Пилип вздрогнул, и рука его выскочила из-за спины.
– И в луже можно утонуть, – продолжил Панас. – Не дорос ты еще до моей хреновухи.
– Слухай, дед… – начал было Пилип, но Панас вдруг выпрямился, тонко втянул воздух, и все зеленые ароматы послушно потянулись к его ноздрям – из села и из леса. Спокойное небо отразилось в глазах Панаса, седые волосы его взъерошились, грудь приподнялась, и казалось, Панас сейчас завоет, как зверь, выпуская из ноздрей весну.
Пилип попятился назад, не имея больше смелости заикаться о хреновухе.
Панас сплюнул.
Полыхали щеки Пилипа, когда он дошел по солнечной дорожке до середины села.

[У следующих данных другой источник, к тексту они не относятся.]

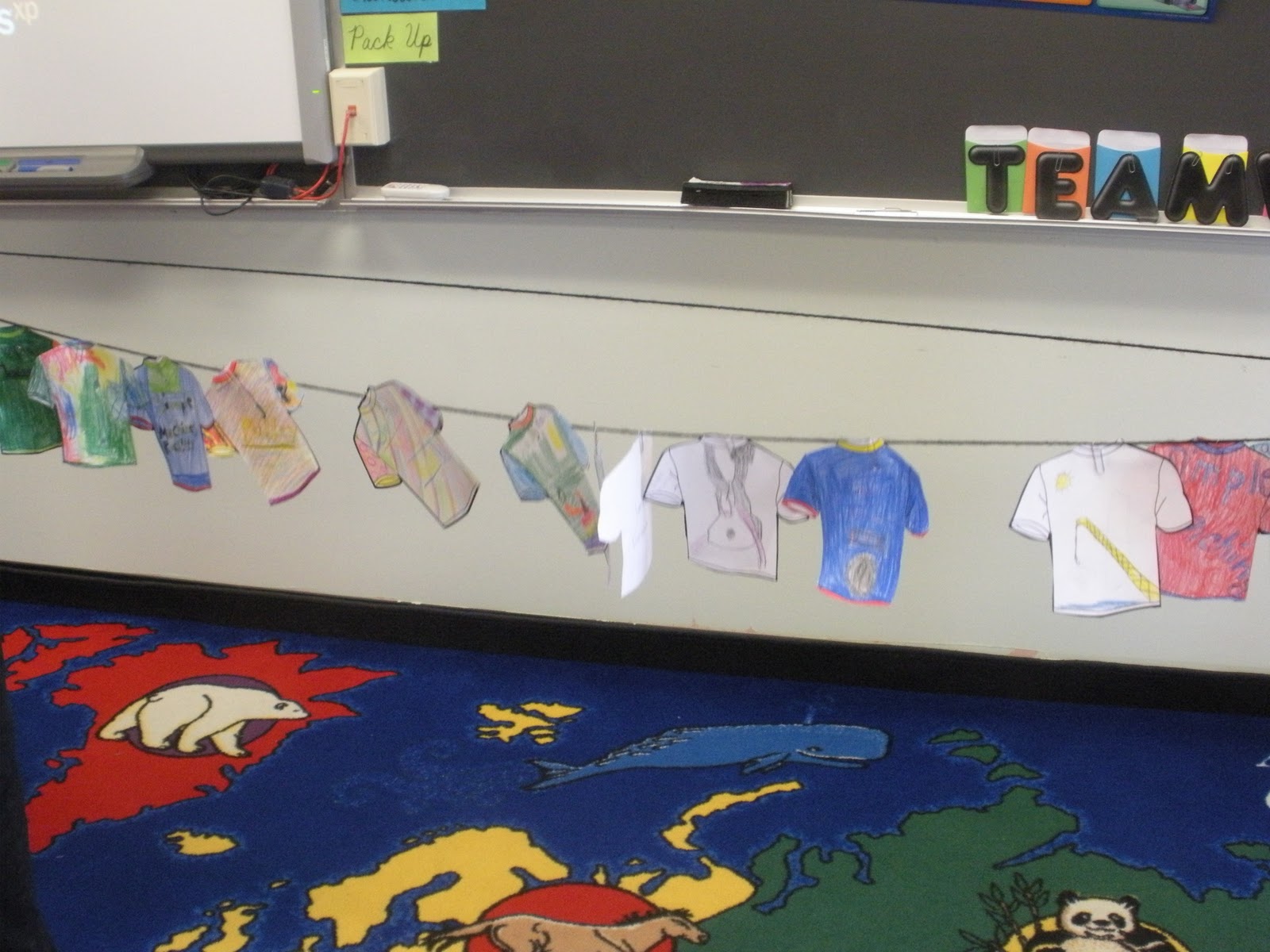 Mrs. Sullivan's Class Pulley Experiment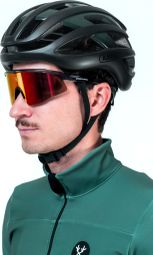 Casque Route Abus AirBreaker - Edition Limitée Alltricks - Noir/Vert — photo 6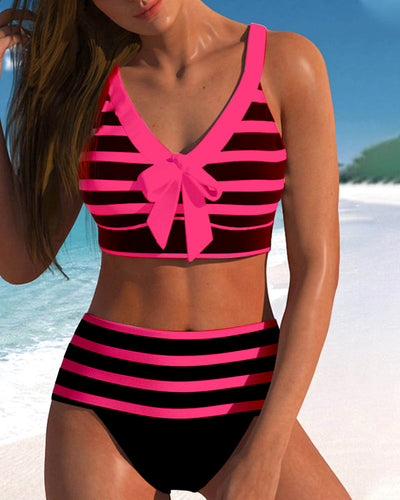 ROKSANA | Bikini cu talie înaltă elegantă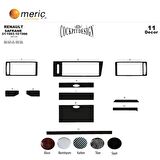 Meriç® Renault Safrane Ön Torpido Kaplama 11 Parça 1993-1996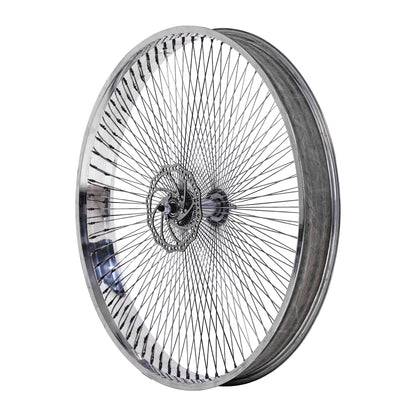 Chico WH-TR7529140D-F/R-PL Fat Rims Wheel Set for 29"*3" with 7-speed Disc Brake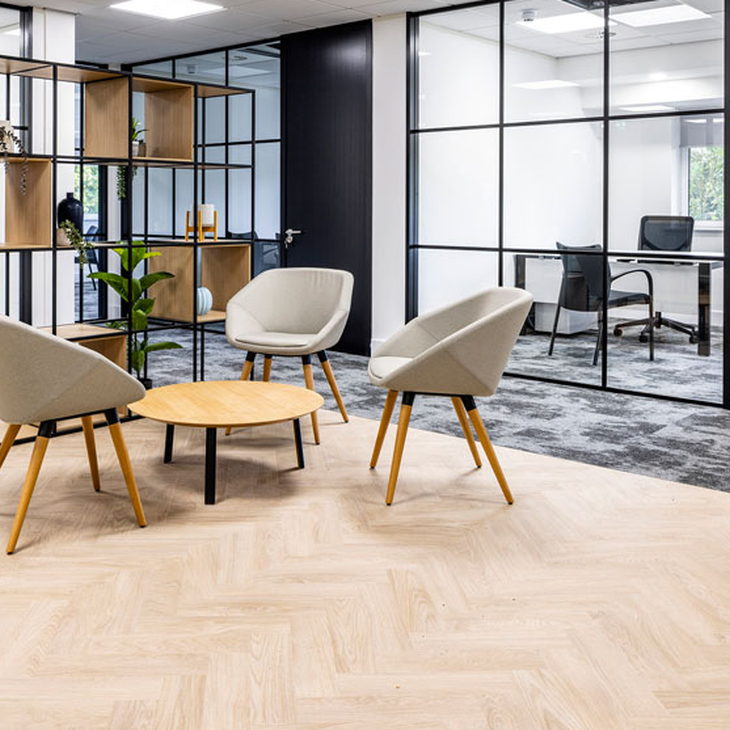 Vinyylilattia MODULEO ROOTS HERRINGBONE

– Скурвец, – скривившийся рот Пилипа выплевывал ругательства, которые, впрочем, не имели ни малейшего шанса долететь до ушей Панаса. – Все село помнит, что ты – русского сын. И не надейся, что когда-нибудь забудет. Не дорос… – передразнил она Панаса. – Подавися своей хреновухой. Сраколиз старый. Страхопуд проклятый, – бубнил себе под нос Пилип, когда пролетавший над его головой ворон обгадил ему пиджак.
И надо же было такому статься, что в этот самый момент проходил Пилип мимо Стасиного дома. Кровь бросилась ему в голову, придав лицу цвет молодого буряка. Нагнулся Пилип, схватил с земли камень и со словами «видьма проклята» запустил им в окно Стасиного дома. Но узкие плечи пиджака не позволили камню совершить высокий полет, и тот плюхнулся возле забора.
По всему видать, этот солнечный день не благоволил к Пилипу. Через секунду он и думать забыл о брошенном камне, но тут кто-то схватил его крепко за плечо. Пилип обернулся – за его спиной стоял нахмурившийся Богдан.
– Ты зачем камнями кидаешься? – строго спросил он. – А если б ты окно в хате разбил?
– Да я не в хату кидал. В птицу. Видишь, дядько Богдан, напаскудила она мне на пиджак, – Пилип приподнял другое плечо, по которому растекался густой птичий помет.
– Или та птица в доме Сергия живет, или руки у тебя кривы, Пилип, – Богдан отпустил его. – Но и в птиц камнями кидать негоже. Они – такие же творения Божии.